So where does this leave Purdue? To answer that, we must first understand Haas, the team's senior big man. He is a throwback, in ways good and bad: an enormous, skilled and slow center. Haas averaged 14.9 points on 62.1% shooting this year. He is capable of abusing almost any college player in the post.
Against Michigan State, Ohio State and Michigan—the other three Big Ten teams that received NCAA tournament bids—Haas scored 107 points in 124 minutes. That is an astounding pace, but it’s one that Haas can’t keep up for a whole game. The running game is not for him, and modern space-and-pace offenses expose him defensively. Purdue coach Matt Painter frequently used deadball rebounds and scheduled timeouts to put Haas on the bench for defensive possessions in favor of freshman shot-blocker Matt Haarms.
What made this Purdue team a Final Four contender is its variety; they could pound it into Haas, but they could also ask shooters Carsen Edwards, Dakota Mathias, Vincent Edwards and P.J. Thompson to light teams up. To win the national title, you need to beat a variety of styles.
Without Haas, Purdue can still win. It just can’t win in as many ways. And this may be a problem as soon as Sunday. Purdue faces a team it has already played, Butler, led by a coach, LaVall Jordan, who will be bringing teams to this tournament for the next 25 years or so.
When Purdue played Butler in December, the Boilermakers hit the Bulldogs with both fists: pressure that forced Butler into turnovers and poor shots, with a complement of interior play by Haas, who scored 15 points in 16 minutes.
Now Haas is out, and we will find out what kind of team Purdue will be. If the Boilermakers push the pace without Haas, they may play into Butler’s hands; as the Bulldogs showed in a 79-62 win over Arkansas Friday, they can score in an up-and-down game. Butler struggles more in the halfcourt. But will Purdue be comfortable playing a halfcourt game without Haas?

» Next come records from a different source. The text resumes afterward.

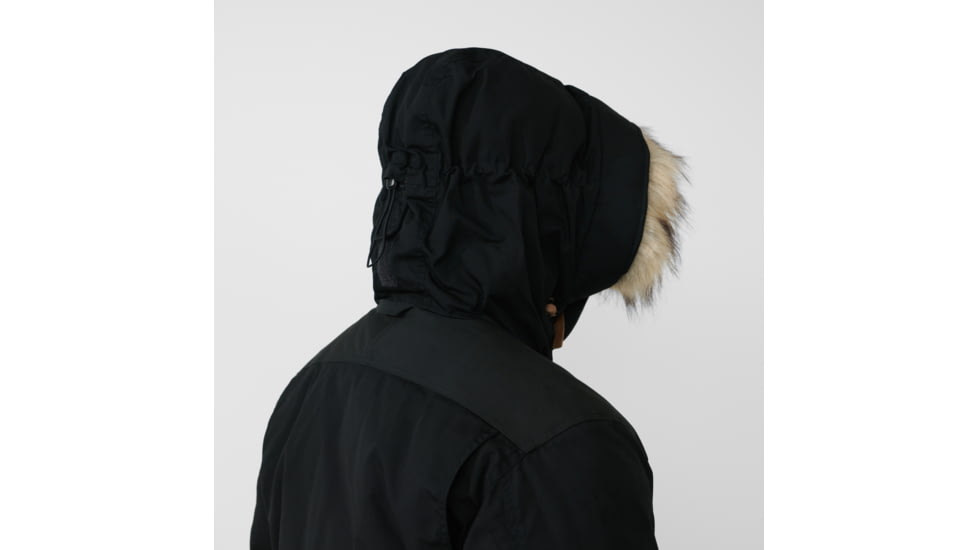 Fjallraven Singi Down Jacket - Mens, Black, 2XL, F86699-550-XXL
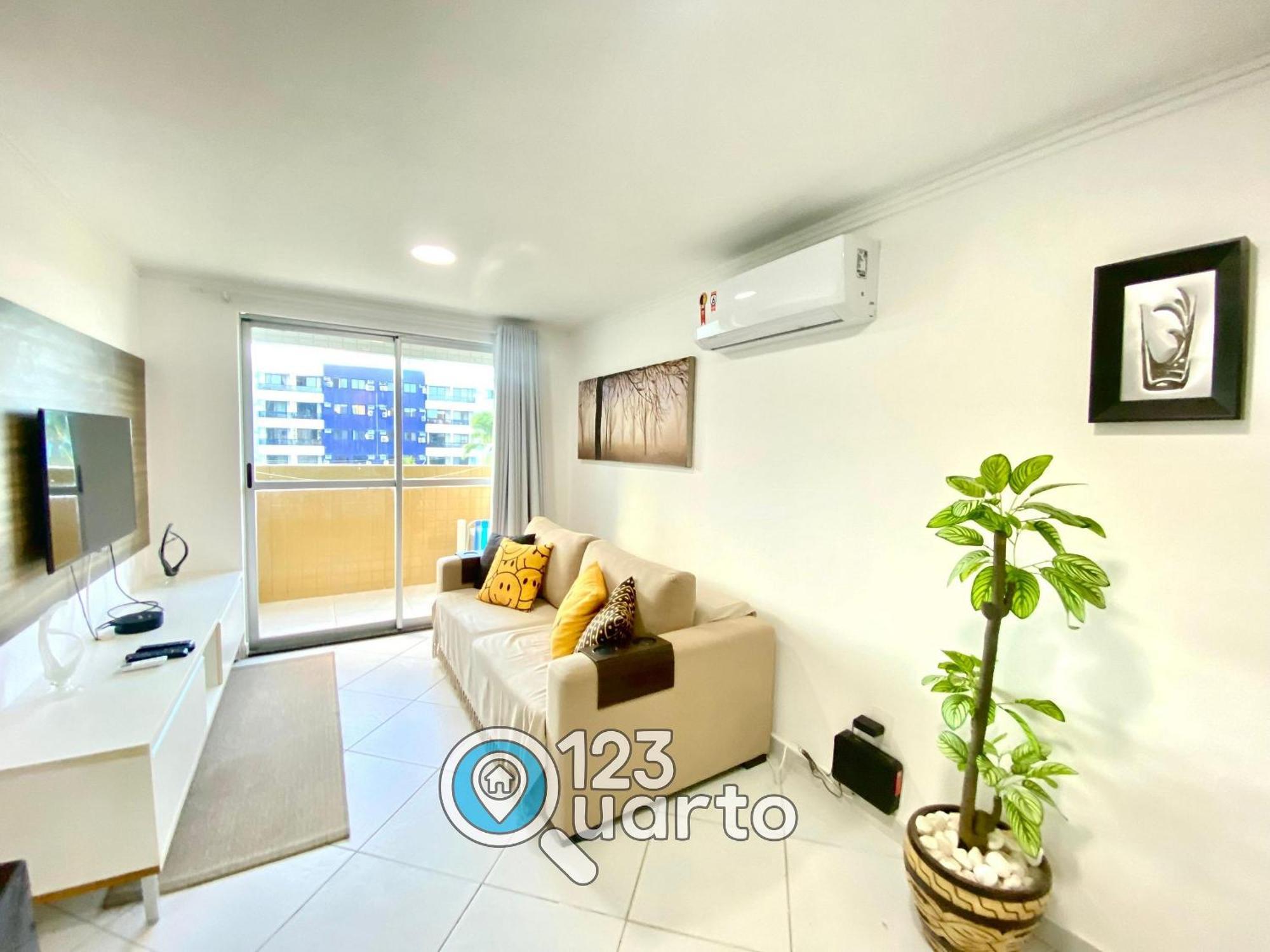 Apartamento| Confortavel Ao Lado Do Bar Do Cuscuz * João Pessoa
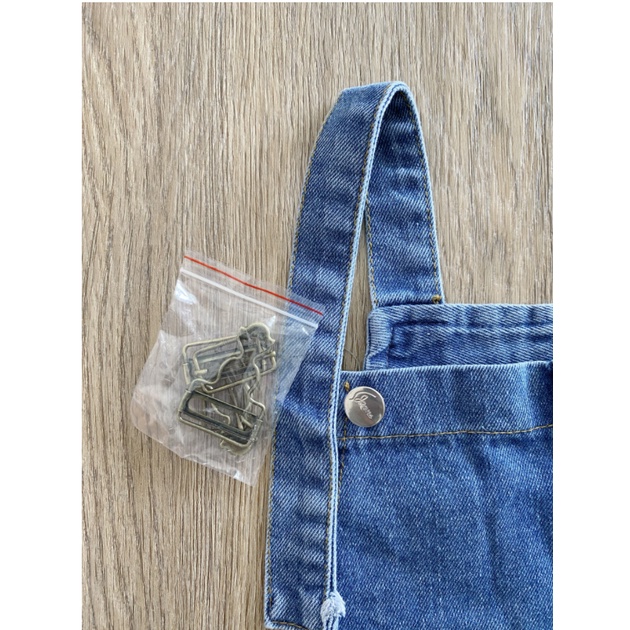 babyfit KELINCI 2023 rok overall jeans anak perempuan baju kodok rok jojon import jx-0118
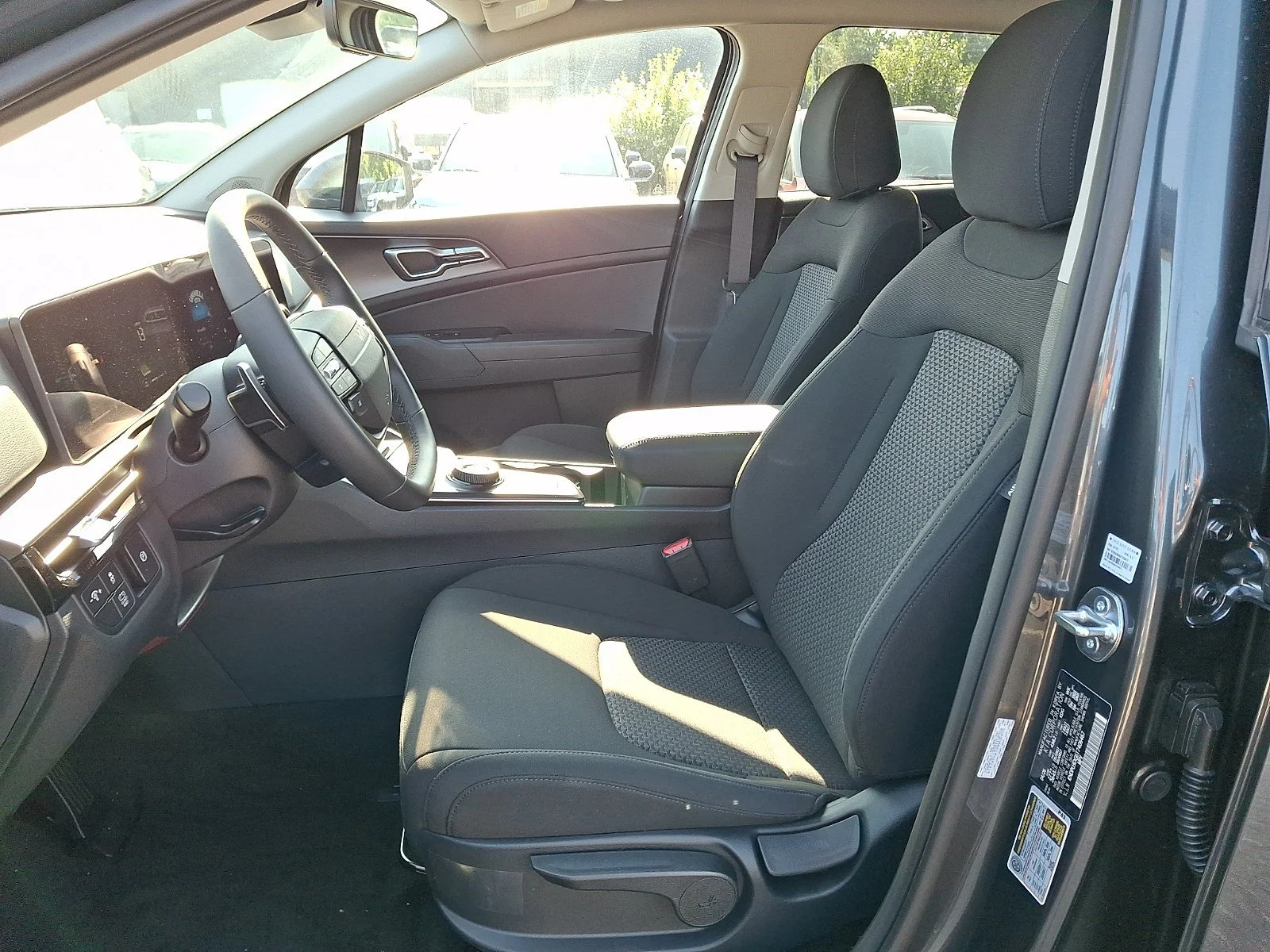 New 2026 Gravity Gray Kia LX image 6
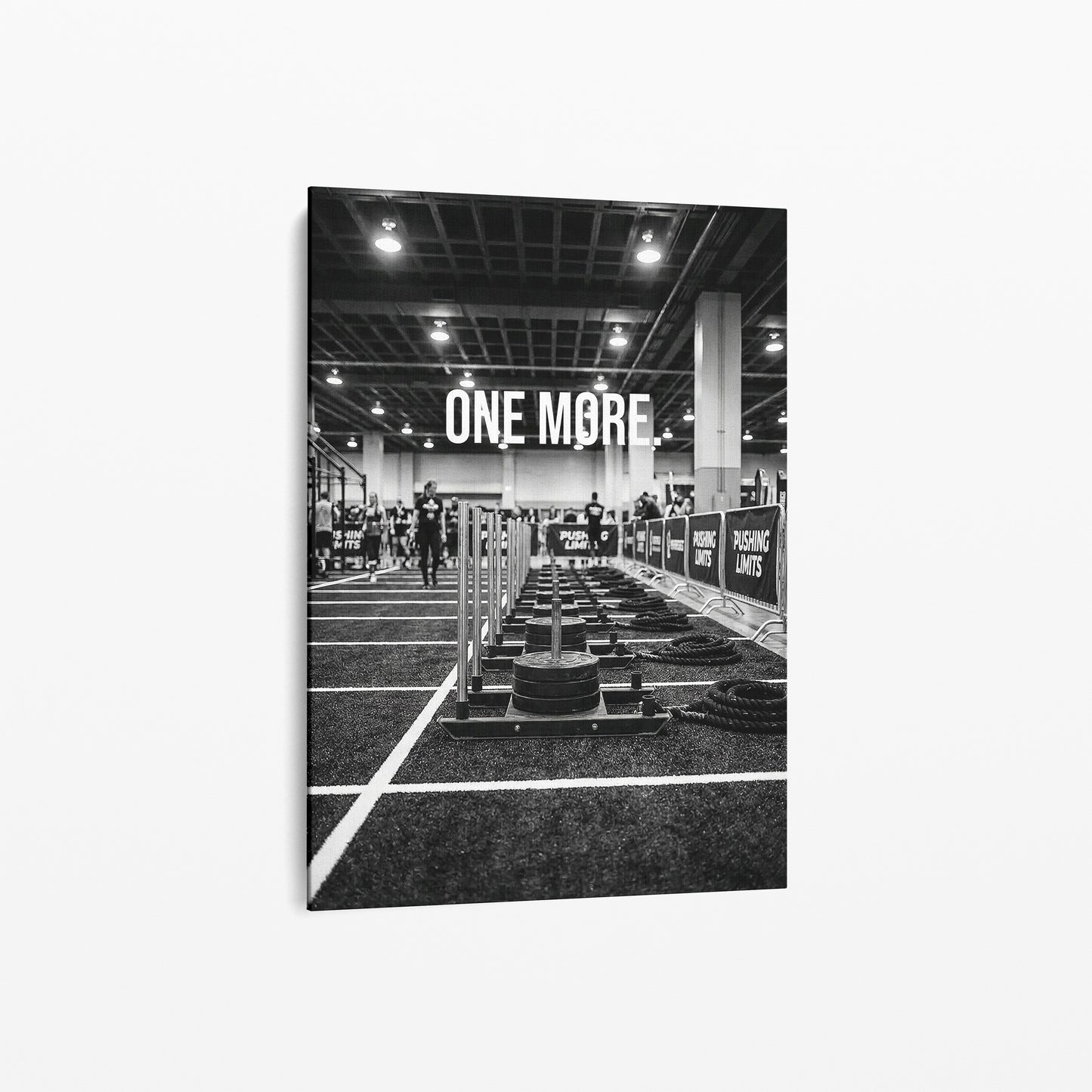 ONE MORE. – Hyrox / Functional Fitness Poster
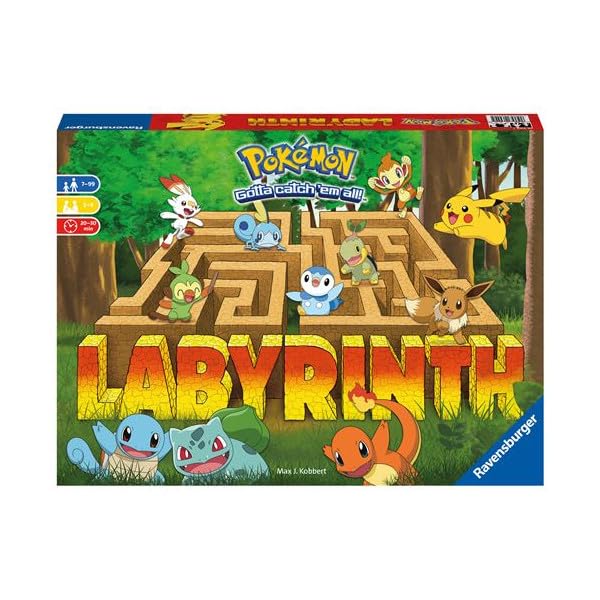 Ravensburger figuras Pikachu y Bulbasaur listos para jugar, fomentan la identificación de personajes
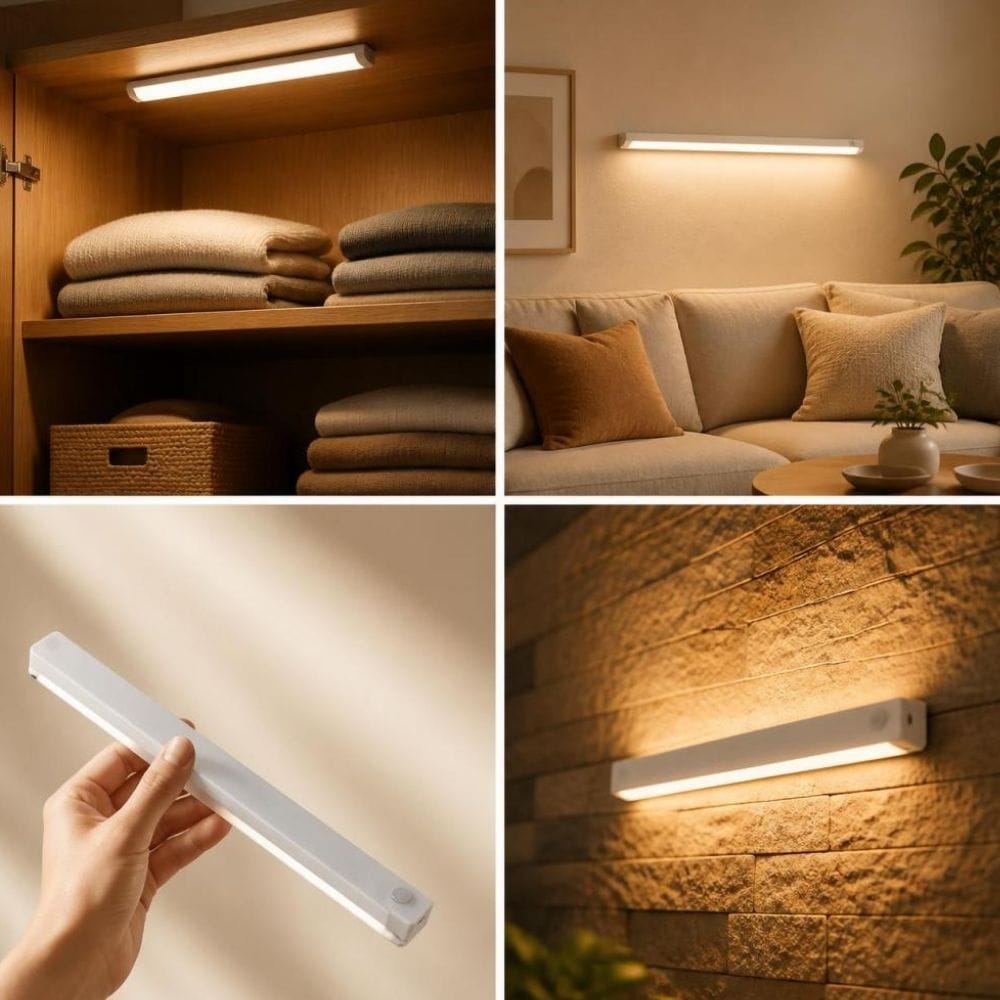 Lampe Murale | Le Bâton Lumineux | maisondesluminaires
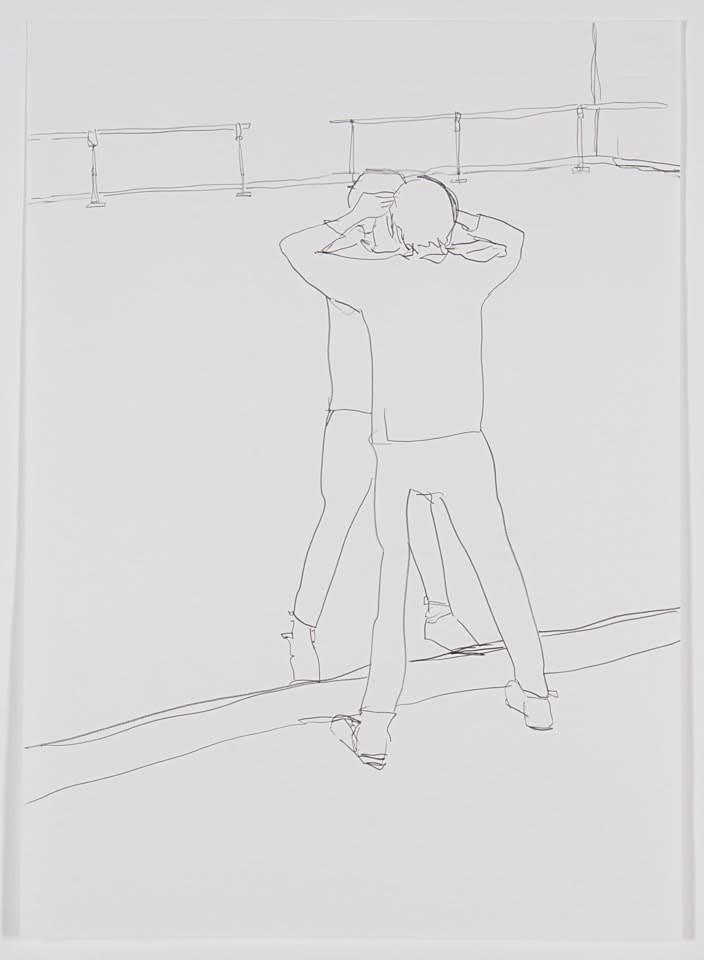 Zilla Leutenegger, Spiegelbild, 2014/2015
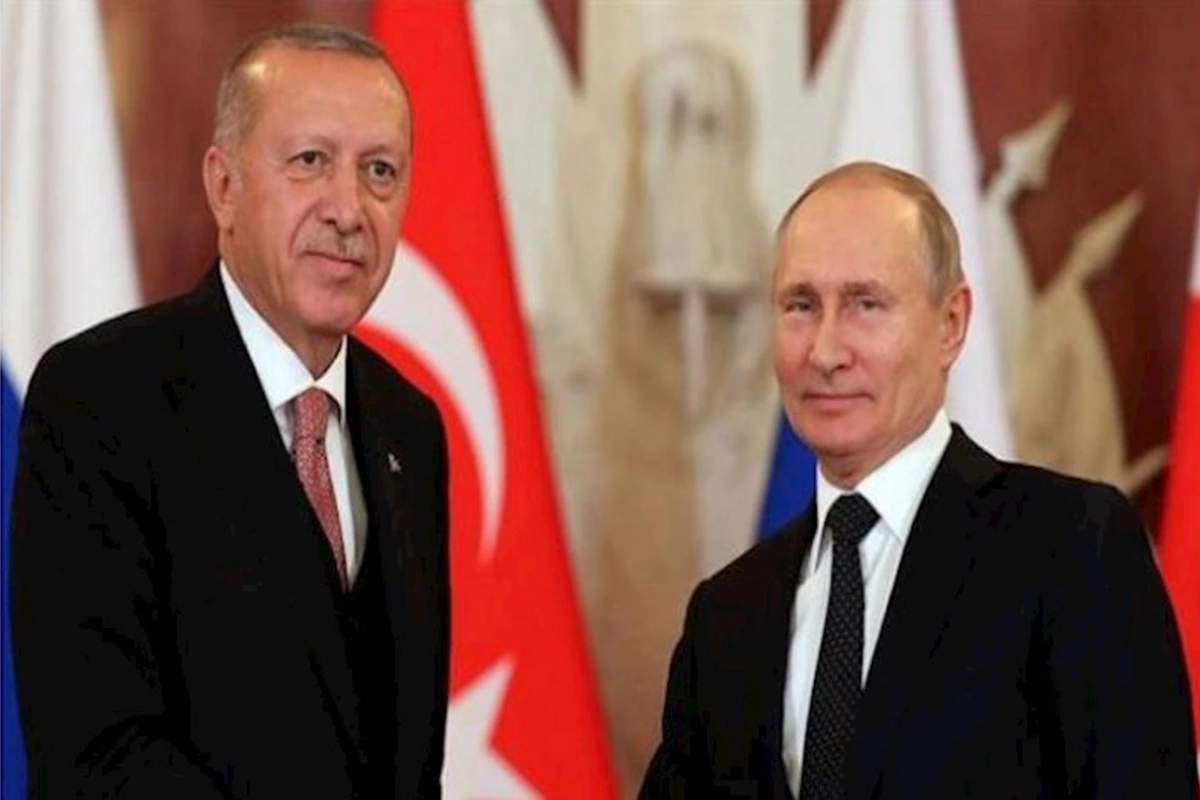 Ərdoğanla Putin arasında telefon danışığı oldu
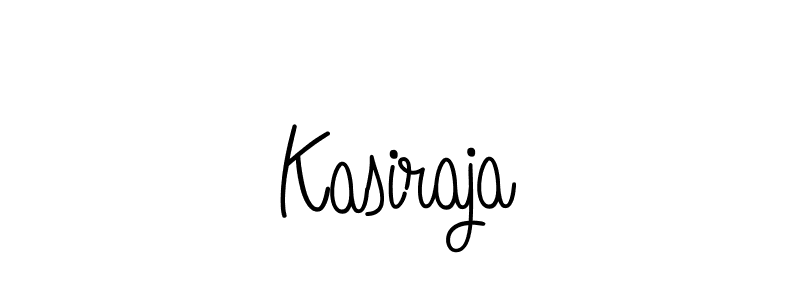 Make a beautiful signature design for name Kasiraja. With this signature (Angelique-Rose-font-FFP) style, you can create a handwritten signature for free. Kasiraja signature style 5 images and pictures png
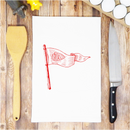 Kansas City Chiefs Pennant Dish Towel | Tea Towels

The answer, as any Boilermaker can tell you, involves expletives. A little history lesson:
Purdue has not made the Final Four since 1980. Arguably the best Purdue team in that time was the 2009–10 Boilermakers. They were ranked No. 3 in the country in late February and had a real chance to win the national title when star Robbie Hummel tore his anterior-cruciate ligament in his right knee. They fell to a No. 4 seed and lost to Duke.
And in 1994, Purdue had the best player in the country, Glenn Robinson, and a No. 1 seed in the NCAA tournament. Robinson suffered a back injury in the Elite Eight and shot 6 for 22 in a loss to Duke, preventing Purdue from another Final Four berth.
The immediate sympathy goes to Haas. The next wave goes to his team. And the third wave goes to everybody who cares about Purdue basketball. The Boilermakers could still make a Final Four run. But the more likely scenario begins with those two dreaded words: What if?